[Short text fragments from websites]
• • • • •
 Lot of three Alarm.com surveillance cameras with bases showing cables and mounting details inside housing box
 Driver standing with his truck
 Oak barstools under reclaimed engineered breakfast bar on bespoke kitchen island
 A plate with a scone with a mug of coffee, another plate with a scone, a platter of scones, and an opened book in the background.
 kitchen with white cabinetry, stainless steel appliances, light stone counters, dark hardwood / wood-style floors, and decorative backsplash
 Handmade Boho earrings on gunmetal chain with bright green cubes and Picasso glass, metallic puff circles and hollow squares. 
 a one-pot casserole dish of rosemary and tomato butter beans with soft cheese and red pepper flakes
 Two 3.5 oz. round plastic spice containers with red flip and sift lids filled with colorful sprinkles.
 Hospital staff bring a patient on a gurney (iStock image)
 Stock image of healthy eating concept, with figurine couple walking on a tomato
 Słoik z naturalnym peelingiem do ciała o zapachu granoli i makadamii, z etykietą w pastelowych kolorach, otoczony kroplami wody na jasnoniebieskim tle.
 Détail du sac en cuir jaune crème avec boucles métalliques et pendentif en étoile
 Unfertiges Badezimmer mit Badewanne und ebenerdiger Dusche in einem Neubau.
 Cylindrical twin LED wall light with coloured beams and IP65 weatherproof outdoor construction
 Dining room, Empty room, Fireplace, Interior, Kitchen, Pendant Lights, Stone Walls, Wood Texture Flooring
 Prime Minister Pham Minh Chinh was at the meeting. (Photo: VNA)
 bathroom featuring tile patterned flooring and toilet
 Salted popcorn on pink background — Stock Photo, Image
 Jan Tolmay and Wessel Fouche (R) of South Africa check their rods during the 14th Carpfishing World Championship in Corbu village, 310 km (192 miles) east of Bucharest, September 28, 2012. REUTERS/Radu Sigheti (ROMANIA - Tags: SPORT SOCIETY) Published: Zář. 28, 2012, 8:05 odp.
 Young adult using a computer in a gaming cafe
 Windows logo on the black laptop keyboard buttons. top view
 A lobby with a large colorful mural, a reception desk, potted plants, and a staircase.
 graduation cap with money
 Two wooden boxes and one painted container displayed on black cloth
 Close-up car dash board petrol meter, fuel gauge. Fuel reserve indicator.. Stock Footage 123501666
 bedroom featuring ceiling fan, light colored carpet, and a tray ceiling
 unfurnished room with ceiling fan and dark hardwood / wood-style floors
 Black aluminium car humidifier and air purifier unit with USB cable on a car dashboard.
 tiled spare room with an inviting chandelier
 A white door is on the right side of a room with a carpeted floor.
• • • • •
The lines above should be printed again, exactly as they are.

**Exercise answer**
 Lot of three Alarm.com surveillance cameras with bases showing cables and mounting details inside housing box
 Driver standing with his truck
 Oak barstools under reclaimed engineered breakfast bar on bespoke kitchen island
 A plate with a scone with a mug of coffee, another plate with a scone, a platter of scones, and an opened book in the background.
 kitchen with white cabinetry, stainless steel appliances, light stone counters, dark hardwood / wood-style floors, and decorative backsplash
 Handmade Boho earrings on gunmetal chain with bright green cubes and Picasso glass, metallic puff circles and hollow squares. 
 a one-pot casserole dish of rosemary and tomato butter beans with soft cheese and red pepper flakes
 Two 3.5 oz. round plastic spice containers with red flip and sift lids filled with colorful sprinkles.
 Hospital staff bring a patient on a gurney (iStock image)
 Stock image of healthy eating concept, with figurine couple walking on a tomato
 Słoik z naturalnym peelingiem do ciała o zapachu granoli i makadamii, z etykietą w pastelowych kolorach, otoczony kroplami wody na jasnoniebieskim tle.
 Détail du sac en cuir jaune crème avec boucles métalliques et pendentif en étoile
 Unfertiges Badezimmer mit Badewanne und ebenerdiger Dusche in einem Neubau.
 Cylindrical twin LED wall light with coloured beams and IP65 weatherproof outdoor construction
 Dining room, Empty room, Fireplace, Interior, Kitchen, Pendant Lights, Stone Walls, Wood Texture Flooring
 Prime Minister Pham Minh Chinh was at the meeting. (Photo: VNA)
 bathroom featuring tile patterned flooring and toilet
 Salted popcorn on pink background — Stock Photo, Image
 Jan Tolmay and Wessel Fouche (R) of South Africa check their rods during the 14th Carpfishing World Championship in Corbu village, 310 km (192 miles) east of Bucharest, September 28, 2012. REUTERS/Radu Sigheti (ROMANIA - Tags: SPORT SOCIETY) Published: Zář. 28, 2012, 8:05 odp.
 Young adult using a computer in a gaming cafe
 Windows logo on the black laptop keyboard buttons. top view
 A lobby with a large colorful mural, a reception desk, potted plants, and a staircase.
 graduation cap with money
 Two wooden boxes and one painted container displayed on black cloth
 Close-up car dash board petrol meter, fuel gauge. Fuel reserve indicator.. Stock Footage 123501666
 bedroom featuring ceiling fan, light colored carpet, and a tray ceiling
 unfurnished room with ceiling fan and dark hardwood / wood-style floors
 Black aluminium car humidifier and air purifier unit with USB cable on a car dashboard.
 tiled spare room with an inviting chandelier
 A white door is on the right side of a room with a carpeted floor.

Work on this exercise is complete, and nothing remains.